Bien podía decirlo. Pero ¿qué iba a suceder cuando Carcamal se cansara de su parloteo interminable y sus calcetines de punto?

– Pero, a cambio, has de hacerme un favor.

Una declaración así, procediendo de quien procedía, podía significar problemas del todo insuperables.

– Creo… -alcanzó a decir antes de que lo interrumpieran.

– Mi madre quiere que la visites. Habla mucho de ti, Carl, sigues siendo su gran favorito. Por eso he decidido que la visites una vez por semana. ¿Te parece bien? Pues empiezas mañana.

Carl volvió a tragar saliva. Eran cosas como aquella las que dejaban a un hombre con la garganta seca. ¡La madre de Vigga! Aquella señora extraña que tardó cuatro años en darse cuenta de que Carl y Vigga se habían casado. Una persona que vivía convencida de que Dios creó el mundo solo para el disfrute de ella.

– Sí, sí, ya sé en qué estás pensando, Carl. Pero ya no está tan mal. Desde que está senil.

Carl respiró hondo.

– No sé si podrá ser una vez por semana, Vigga.

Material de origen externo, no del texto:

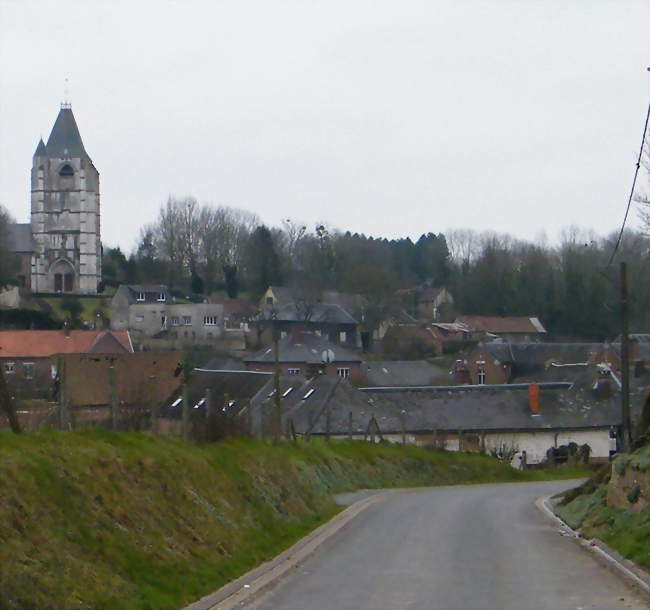 L'église domine le village, du haut du plateau - Saint-Maulvis (80140) - Somme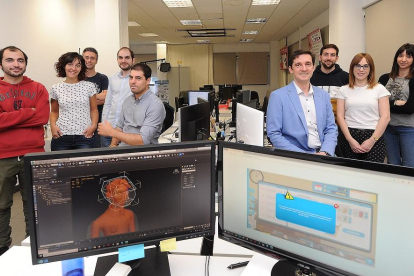 Las seis personas del área de I+D de Simulación y Realidad Virtual del ITCL  que han trabajado durante un año y medio en desarrollo de este proyecto.-ISRAEL L. MURILLO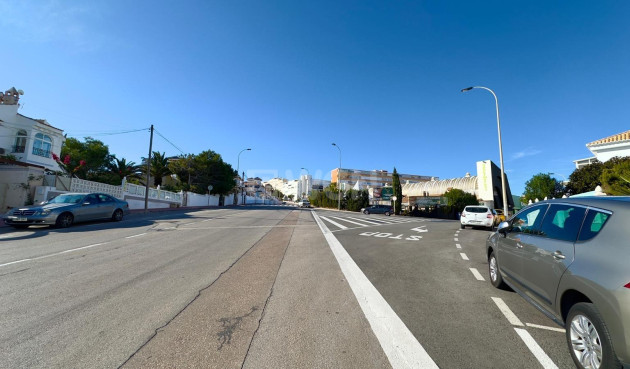 Odsprzedaż - Kamienica - Torrevieja - La Mata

Observó enseguida que los rasgos de ella se agudizaban.

– Pero lo intentaré.

Ella le tendió la mano. Era curioso que siempre acordaran algo que él estaba obligado a mantener y que para ella era un arreglo provisional.

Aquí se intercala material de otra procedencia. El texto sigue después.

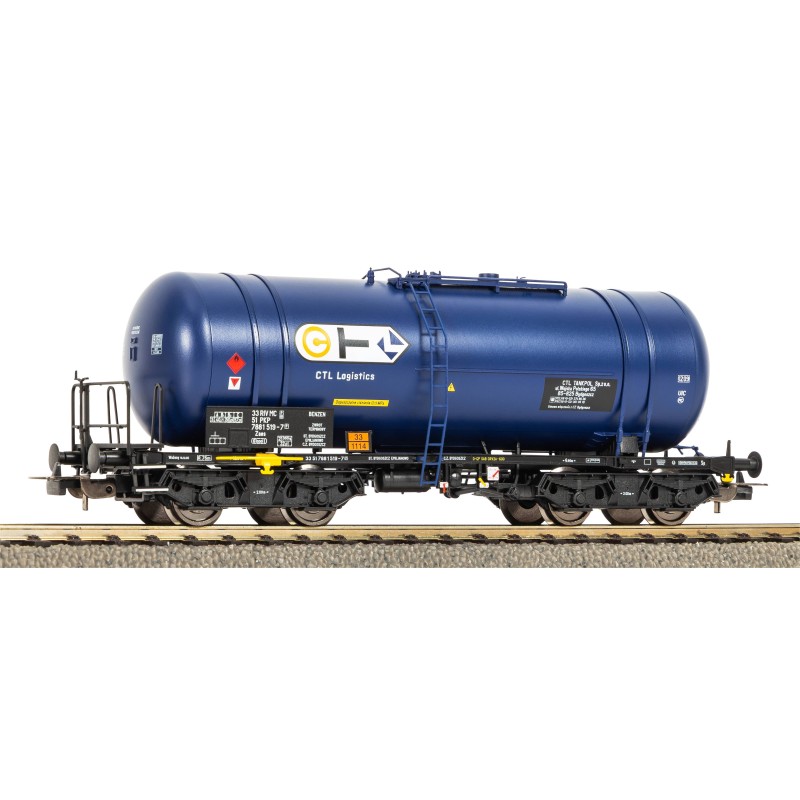 PIKO 58462 H0, wagon-cysterna 406Ra CTL, granatowe malowanie CTL Logistics, czarne podwozie, żółte detale.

Aparcó el coche en una calle lateral del pantano de Utterslev y se sintió muy solo. En casa había vida, sin duda, pero no era la suya. También en el trabajo se perdía en ensoñaciones. No tenía aficiones ni practicaba deporte alguno. No le gustaba andar con extraños ni estaba lo bastante sediento para ahogar su soledad en los tentadores bares.

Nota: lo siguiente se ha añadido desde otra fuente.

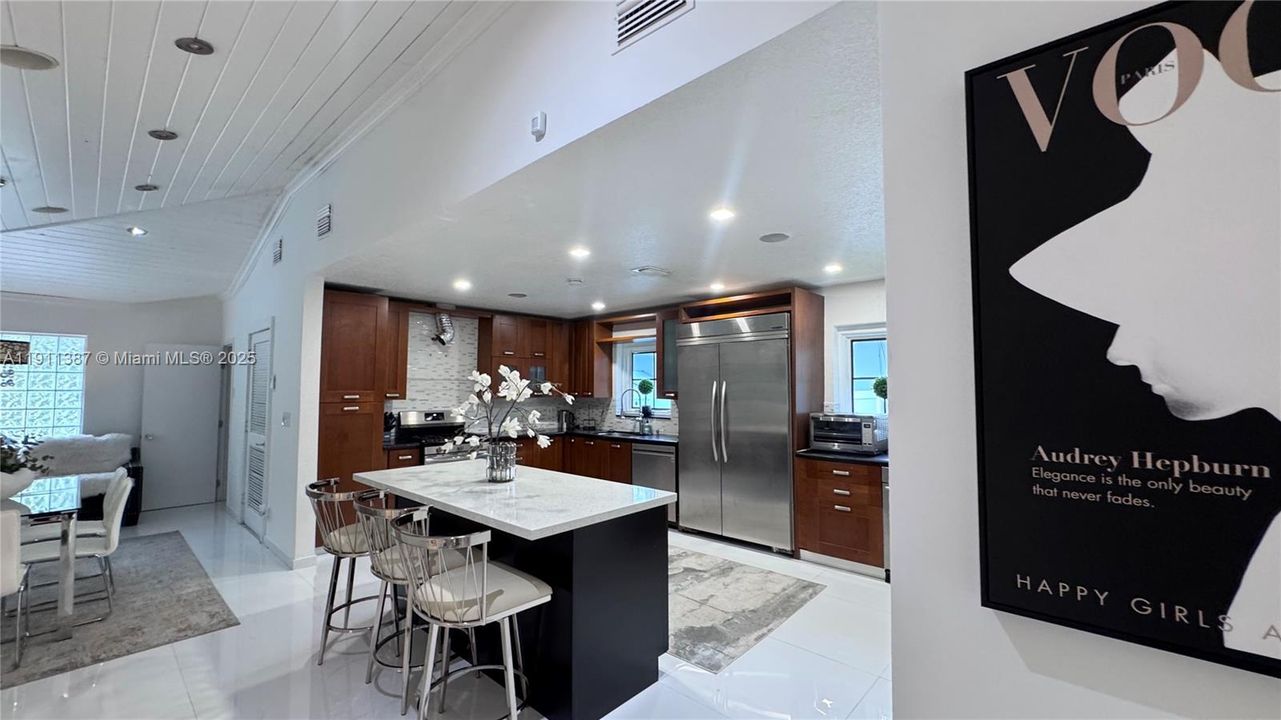 For Rent: $6,500 (4 beds, 2 baths, 2002 Square Feet)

Y ahora un hombre con turbante se había armado de valor y se había cepillado a su casi exmujer en menos tiempo del necesario para alquilar una peli porno.

Su supuesto colega ni siquiera vivía en la dirección que le había dado, o sea que tampoco podía andar de juerga con él.

No era de extrañar que lo estuviera pasando mal.

Aspiró poco a poco el oxígeno del terreno pantanoso entre sus labios afilados y volvió a notar que se le ponía carne de gallina en los brazos mientras sudaba a chorros. ¿Iba a volver a estar tan jodido otra vez? Dos veces en menos de un día.

¿Estaba enfermo?

Cogió su móvil del asiento del copiloto y miró un buen rato el número que había buscado. Solo ponía «Mona Ibsen». ¿Sería peligroso?

Cuando a los veinte minutos notó que su ritmo cardíaco iba a más, apretó el botón de llamada y rezó por que la noche del domingo no fuera tabú para una psicóloga de emergencias.

– Hola, Mona -dijo en voz baja cuando oyó la voz de ella-. Soy Carl Mørck. Me s…

Habría querido decir que se sentía mal. Que tenía necesidad de hablar. Pero no llegó a decirlo.

– ¡Carl Mørck! -lo interrumpió Mona. No sonaba muy sociable, que se diga-. Llevo esperando tu llamada desde que volví a Dinamarca. Desde luego, ya era hora.

Estar sentado en su sofá, en una sala con tanto aroma de mujer, era como cuando en otros tiempos estuvo tras unos barracones de madera, en una excursión escolar, con la mano de una chica de piernas largas bien metida en sus pantalones. De lo más desconcertante, y a la vez de lo más excitante y transgresor.

Y Mona tampoco era ninguna pecosa hija del panadero de la calle Mayor; las reacciones de su cuerpo así lo confirmaban. Cada vez que oía los pasos de ella en la cocina sentía aquel martilleo amenazante a la altura del bolsillo del pecho. Desagradable a más no poder. Solo le faltaba caerse redondo ahí mismo.